▶ WHAT YOU NEED TO DO: Exact copies of the records below are needed, free of pictures.

▶ TASK MATERIAL:
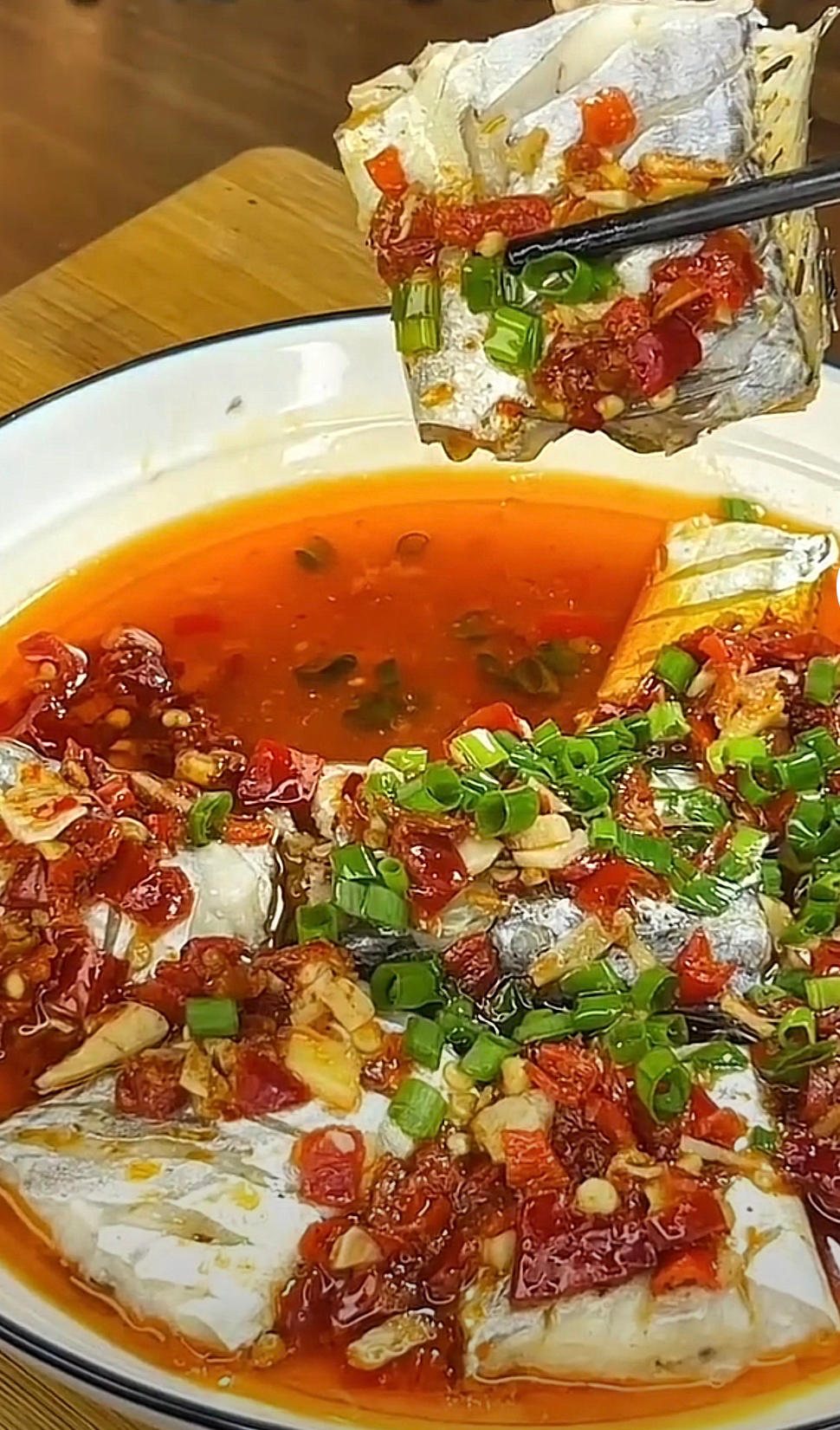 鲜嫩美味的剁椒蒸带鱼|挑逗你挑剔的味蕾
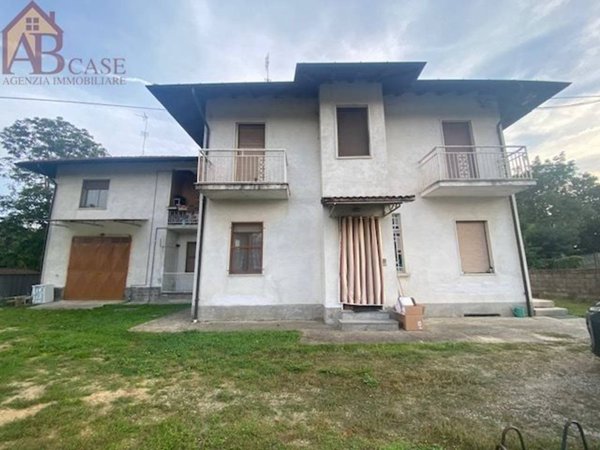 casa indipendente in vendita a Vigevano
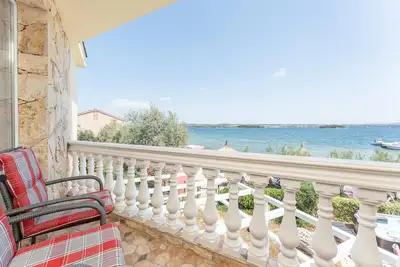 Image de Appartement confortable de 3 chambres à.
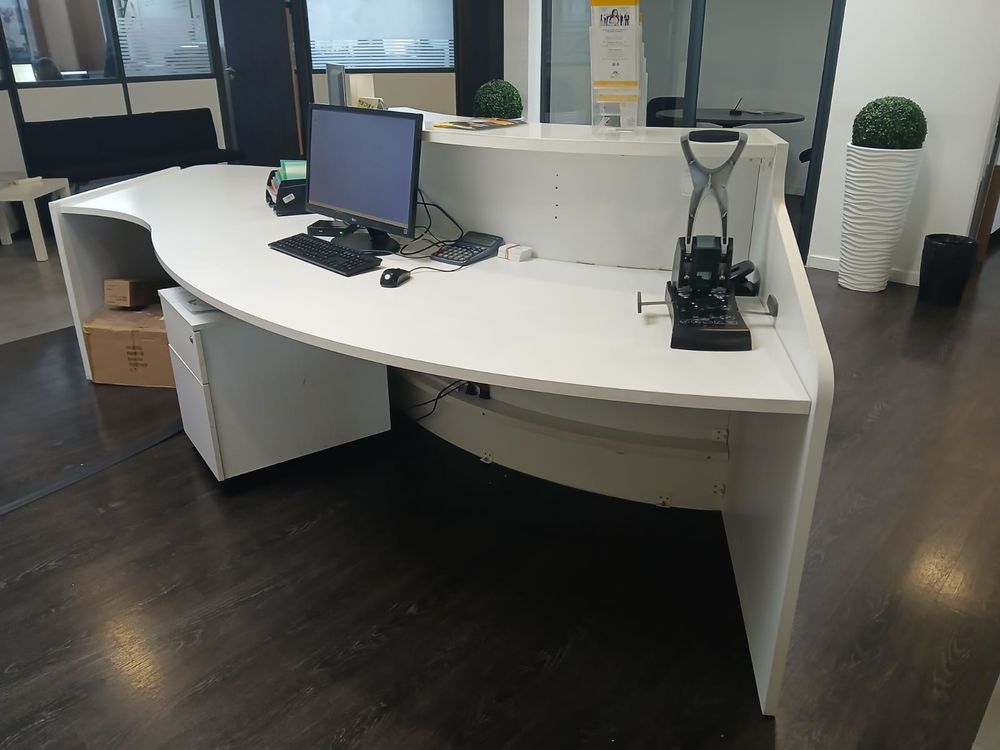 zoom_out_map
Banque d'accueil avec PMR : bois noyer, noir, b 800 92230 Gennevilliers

▶ RESULT FOR THIS EXERCISE:
 鲜嫩美味的剁椒蒸带鱼|挑逗你挑剔的味蕾
 casa indipendente in vendita a Vigevano
 Image de Appartement confortable de 3 chambres à.
 zoom_out_map
Banque d'accueil avec PMR : bois noyer, noir, b 800 92230 Gennevilliers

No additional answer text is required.